Please give the listing again in its entirety, exactly as written.

MATERIAL PROVIDED:
· · · · · · ·
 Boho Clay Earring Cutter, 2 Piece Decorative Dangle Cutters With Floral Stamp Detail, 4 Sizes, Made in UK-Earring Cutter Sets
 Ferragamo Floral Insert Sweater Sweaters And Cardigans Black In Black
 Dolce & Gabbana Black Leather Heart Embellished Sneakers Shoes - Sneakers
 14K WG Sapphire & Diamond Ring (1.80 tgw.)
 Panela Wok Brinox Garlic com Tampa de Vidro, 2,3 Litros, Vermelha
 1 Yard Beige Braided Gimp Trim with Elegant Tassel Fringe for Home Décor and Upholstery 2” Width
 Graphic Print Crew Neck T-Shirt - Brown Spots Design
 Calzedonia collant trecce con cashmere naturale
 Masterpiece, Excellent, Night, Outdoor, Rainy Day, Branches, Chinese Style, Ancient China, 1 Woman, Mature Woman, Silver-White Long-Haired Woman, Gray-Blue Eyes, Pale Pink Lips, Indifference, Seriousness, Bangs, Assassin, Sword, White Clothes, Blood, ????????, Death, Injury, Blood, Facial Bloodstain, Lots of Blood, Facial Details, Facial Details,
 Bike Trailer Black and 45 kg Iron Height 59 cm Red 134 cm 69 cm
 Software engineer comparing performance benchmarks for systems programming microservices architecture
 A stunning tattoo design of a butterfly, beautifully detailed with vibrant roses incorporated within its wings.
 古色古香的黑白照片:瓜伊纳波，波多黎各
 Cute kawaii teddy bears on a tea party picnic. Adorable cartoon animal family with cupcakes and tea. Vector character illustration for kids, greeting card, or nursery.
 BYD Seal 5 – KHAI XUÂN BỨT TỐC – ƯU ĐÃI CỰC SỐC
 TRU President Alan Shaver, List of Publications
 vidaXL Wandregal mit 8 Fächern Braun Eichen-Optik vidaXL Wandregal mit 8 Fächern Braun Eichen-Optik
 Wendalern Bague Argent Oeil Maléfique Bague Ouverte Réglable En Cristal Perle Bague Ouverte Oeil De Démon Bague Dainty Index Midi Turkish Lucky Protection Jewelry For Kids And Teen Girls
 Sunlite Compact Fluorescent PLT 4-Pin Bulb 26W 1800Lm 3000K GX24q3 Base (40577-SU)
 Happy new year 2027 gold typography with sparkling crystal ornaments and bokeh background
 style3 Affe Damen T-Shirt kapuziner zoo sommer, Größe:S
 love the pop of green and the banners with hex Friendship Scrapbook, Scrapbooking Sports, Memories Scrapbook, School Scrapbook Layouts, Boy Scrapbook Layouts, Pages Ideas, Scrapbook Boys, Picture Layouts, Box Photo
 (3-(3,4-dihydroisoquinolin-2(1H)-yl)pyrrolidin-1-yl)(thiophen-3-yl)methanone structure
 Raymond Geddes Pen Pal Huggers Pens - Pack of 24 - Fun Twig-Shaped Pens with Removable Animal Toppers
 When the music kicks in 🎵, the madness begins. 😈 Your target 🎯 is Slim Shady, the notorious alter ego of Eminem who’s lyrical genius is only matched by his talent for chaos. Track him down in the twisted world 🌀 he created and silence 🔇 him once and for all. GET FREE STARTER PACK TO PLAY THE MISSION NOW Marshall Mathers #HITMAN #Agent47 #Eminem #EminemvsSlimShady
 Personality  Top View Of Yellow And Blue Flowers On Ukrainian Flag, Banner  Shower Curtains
· · · · · · ·
EXPECTED ANSWER:
 Boho Clay Earring Cutter, 2 Piece Decorative Dangle Cutters With Floral Stamp Detail, 4 Sizes, Made in UK-Earring Cutter Sets
 Ferragamo Floral Insert Sweater Sweaters And Cardigans Black In Black
 Dolce & Gabbana Black Leather Heart Embellished Sneakers Shoes - Sneakers
 14K WG Sapphire & Diamond Ring (1.80 tgw.)
 Panela Wok Brinox Garlic com Tampa de Vidro, 2,3 Litros, Vermelha
 1 Yard Beige Braided Gimp Trim with Elegant Tassel Fringe for Home Décor and Upholstery 2” Width
 Graphic Print Crew Neck T-Shirt - Brown Spots Design
 Calzedonia collant trecce con cashmere naturale
 Masterpiece, Excellent, Night, Outdoor, Rainy Day, Branches, Chinese Style, Ancient China, 1 Woman, Mature Woman, Silver-White Long-Haired Woman, Gray-Blue Eyes, Pale Pink Lips, Indifference, Seriousness, Bangs, Assassin, Sword, White Clothes, Blood, ????????, Death, Injury, Blood, Facial Bloodstain, Lots of Blood, Facial Details, Facial Details,
 Bike Trailer Black and 45 kg Iron Height 59 cm Red 134 cm 69 cm
 Software engineer comparing performance benchmarks for systems programming microservices architecture
 A stunning tattoo design of a butterfly, beautifully detailed with vibrant roses incorporated within its wings.
 古色古香的黑白照片:瓜伊纳波，波多黎各
 Cute kawaii teddy bears on a tea party picnic. Adorable cartoon animal family with cupcakes and tea. Vector character illustration for kids, greeting card, or nursery.
 BYD Seal 5 – KHAI XUÂN BỨT TỐC – ƯU ĐÃI CỰC SỐC
 TRU President Alan Shaver, List of Publications
 vidaXL Wandregal mit 8 Fächern Braun Eichen-Optik vidaXL Wandregal mit 8 Fächern Braun Eichen-Optik
 Wendalern Bague Argent Oeil Maléfique Bague Ouverte Réglable En Cristal Perle Bague Ouverte Oeil De Démon Bague Dainty Index Midi Turkish Lucky Protection Jewelry For Kids And Teen Girls
 Sunlite Compact Fluorescent PLT 4-Pin Bulb 26W 1800Lm 3000K GX24q3 Base (40577-SU)
 Happy new year 2027 gold typography with sparkling crystal ornaments and bokeh background
 style3 Affe Damen T-Shirt kapuziner zoo sommer, Größe:S
 love the pop of green and the banners with hex Friendship Scrapbook, Scrapbooking Sports, Memories Scrapbook, School Scrapbook Layouts, Boy Scrapbook Layouts, Pages Ideas, Scrapbook Boys, Picture Layouts, Box Photo
 (3-(3,4-dihydroisoquinolin-2(1H)-yl)pyrrolidin-1-yl)(thiophen-3-yl)methanone structure
 Raymond Geddes Pen Pal Huggers Pens - Pack of 24 - Fun Twig-Shaped Pens with Removable Animal Toppers
 When the music kicks in 🎵, the madness begins. 😈 Your target 🎯 is Slim Shady, the notorious alter ego of Eminem who’s lyrical genius is only matched by his talent for chaos. Track him down in the twisted world 🌀 he created and silence 🔇 him once and for all. GET FREE STARTER PACK TO PLAY THE MISSION NOW Marshall Mathers #HITMAN #Agent47 #Eminem #EminemvsSlimShady
 Personality  Top View Of Yellow And Blue Flowers On Ukrainian Flag, Banner  Shower Curtains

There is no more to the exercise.